Legumi e vite già duemila anni fa, Feudo Antico dimostra che Tollo è una delle più antiche città del vino d’Italia
TOLLO – È probabilmente l’unico caso al mondo di una cantina che si è integrata con i resti di un’antica villa romana, tutelandoli e valorizzandoli, costruendo un ponte ideale, peraltro, tra le origini del vino e la sua contemporaneità. È Feudo Antico, a Tollo (Chieti), dove l’azienda vinicola che fa parte del gruppo Cantina Tollo ha trasformato quello che poteva essere un incidente di percorso, in una straordinaria occasione di promozione, attraverso il ricercatissimo turismo esperienziale che unisce archeologia ed enologia.
Un convegno nell’ambito delle Giornate europee dell’archeologia, sabato scorso, ha messo un ulteriore tassello nel processo di valorizzazione che l’azienda vinicola porta avanti oramai da anni. Sin dal ritrovamento, nel 2013, dei primi resti, venuti alla luce mentre si stava preparando il terreno per i primi reimpianti di Pecorino.

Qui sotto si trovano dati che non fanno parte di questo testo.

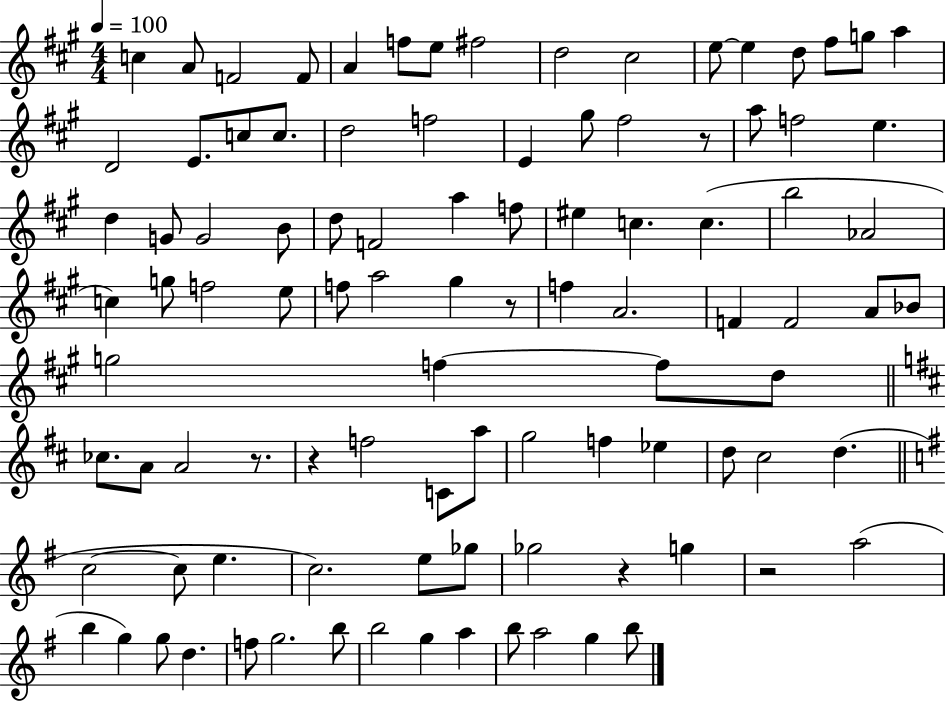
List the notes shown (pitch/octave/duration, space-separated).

A seguito di una prima campagna di saggi, sono iniziate le ricerche archeologiche. Il complesso identificato sembrava quello di una importante villa rustica di epoca romano-imperiale le cui strutture erano incassate nel pendio della collina.
Così, la progettazione della nuova cantina è stata subordinata al rispetto delle esigenze di salvaguardia dei ritrovamenti con l’azienda che si è fatta promotrice e garante della conservazione anche attraverso la realizzazione di una sede museale. Man mano che si andava avanti, i lavori di edificazione della sede si adattavano ai rinvenimenti che si succedevano.

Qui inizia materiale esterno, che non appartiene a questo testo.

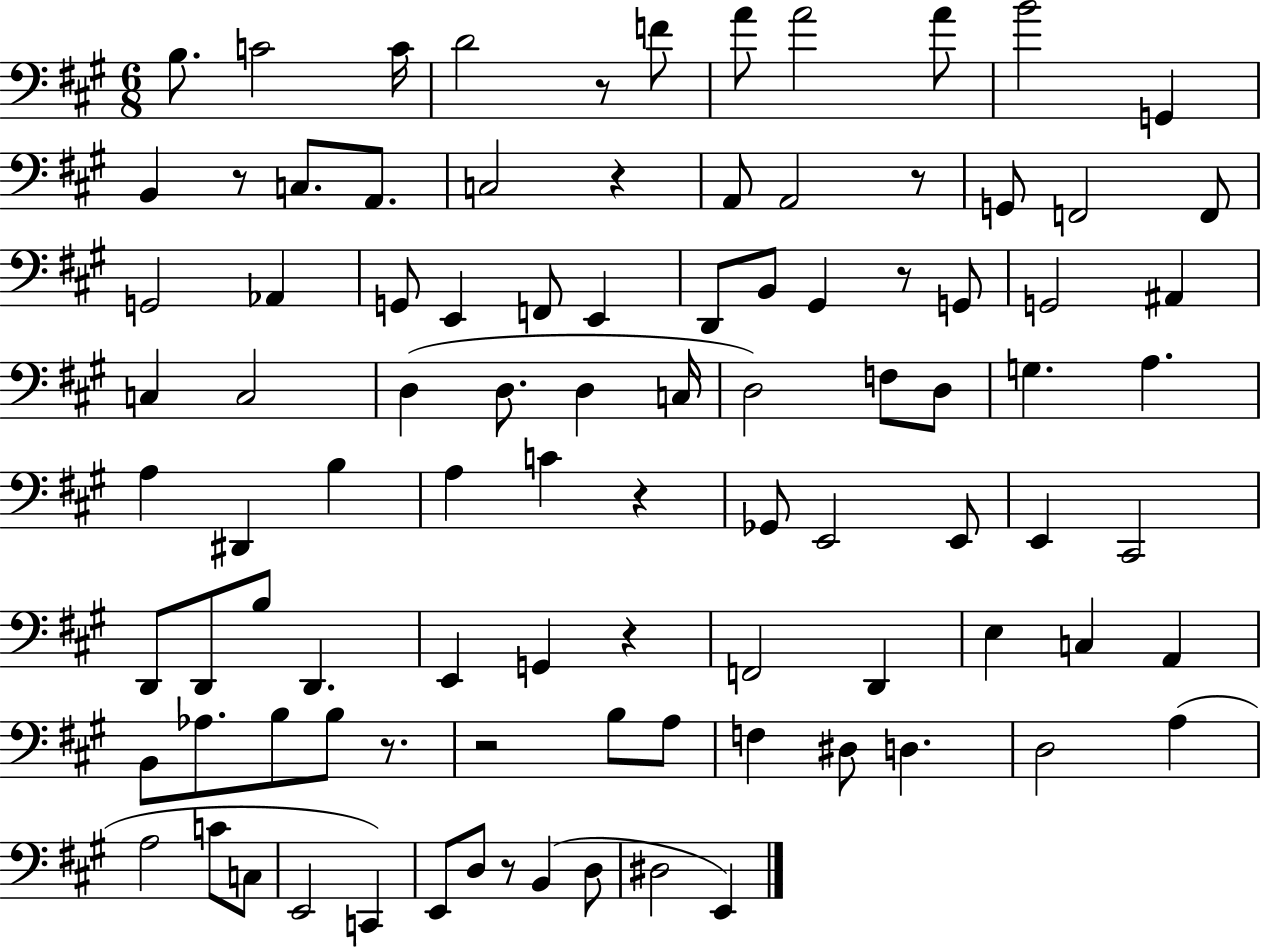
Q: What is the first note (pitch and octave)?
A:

Il risultato è che la nuova sede di Feudo Antico sorge esattamente dove i Romani oltre 2.000 anni fa realizzarono un’azienda agricola per produrre i nettari e gli oli da offrire nelle libagioni agli dei, che oggi è possibile visitare grazie a un progetto architettonico “leggero” e rispettoso dell’ambiente circostante.

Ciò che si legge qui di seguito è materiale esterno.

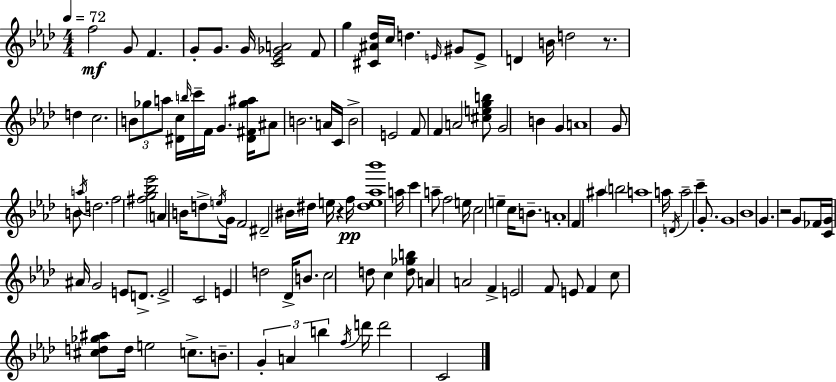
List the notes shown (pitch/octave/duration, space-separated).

F5/h G4/e F4/q. G4/e G4/e. G4/s [C4,Eb4,Gb4,A4]/h F4/e G5/q [C#4,A#4,Db5]/s C5/s D5/q. E4/s G#4/e E4/e D4/q B4/s D5/h R/e. D5/q C5/h. B4/e Gb5/e A5/e [D#4,C5]/s B5/s C6/s F4/s G4/q. [D#4,F#4,Gb5,A#5]/s A#4/e B4/h. A4/s C4/s B4/h E4/h F4/e F4/q A4/h [C#5,E5,G5,B5]/e G4/h B4/q G4/q A4/w G4/e B4/e A5/s D5/h. F5/h [F#5,G5,Bb5,Eb6]/h A4/q B4/s D5/e E5/s G4/s F4/h D#4/h BIS4/s D#5/s E5/s R/q F5/s [D#5,E5,Ab5,Bb6]/w A5/s C6/q A5/e F5/h E5/s C5/h E5/q C5/s B4/e. A4/w F4/q A#5/q B5/h A5/w A5/s D4/s A5/h C6/q G4/e. G4/w Bb4/w G4/q. R/h G4/e FES4/s [C4,G4]/s A#4/s G4/h E4/e D4/e. E4/h C4/h E4/q D5/h Db4/s B4/e. C5/h D5/e C5/q [D5,Gb5,B5]/e A4/q A4/h F4/q E4/h F4/e E4/e F4/q C5/e [C#5,D5,Gb5,A#5]/e D5/s E5/h C5/e. B4/e. G4/q A4/q B5/q F5/s D6/s D6/h C4/h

Studi e ricerca non si fermano e oggi, dagli esami condotti su alcuni semi ritrovati nelle antichi dolii, è emerso come si trattasse di favino, cicerchia e altre leguminose, oltre a molte varietà di vitis vinifera.
Le risultanze di queste analisi sono state al centro del convegno “La Villa Romana di San Pietro a Tollo, un esempio virtuoso di valorizzazione”, promosso in collaborazione con la Soprintendenza Archeologia Belle Arti e Paesaggio per le province di Chieti e Pescara, al quale sono intervenuti Anna Dionisio, funzionaria archeologa Soprintendenza Abap Chieti-Pescara, Mauro Rottoli, archeobotanico e ricercatore, Aurelio Manzi, etnobotanico dell’Università di Teramo e Vittorio Di Carlo, presidente di Feudo Antico.
“Abbiamo indagato scoprendo dei semi conservati nei dolii, li abbiamo fatti analizzare e abbiamo individuato semi di favino, cicerchia e altre leguminose, oltre a molte vitis vinifera, a testimonianza del fatto che sicuramente da più di duemila anni su questo sito si coltiva la vite da vino. Tollo è, dunque, una delle città del vino più importanti del nostro paese”, ha commentato Di Carlo.
Un’area che nel corso dei secoli ha mutato le proprie funzioni, come ha ripercorso la Dionisi: “Tra VI e VII secolo è stata una necropoli, in seguito è tornata ad essere sito produttivo di vino, alcune fosse granarie ci attestano l’utilizzo agricolo anche nel basso medioevo e, infine, c’è una fase novecentesca con un casolare che non aveva valore architettonico, quindi è stato eliminato, ma si impostava su una cisterna, perfettamente conservata, di epoca romana, utilizzata come fondazione”.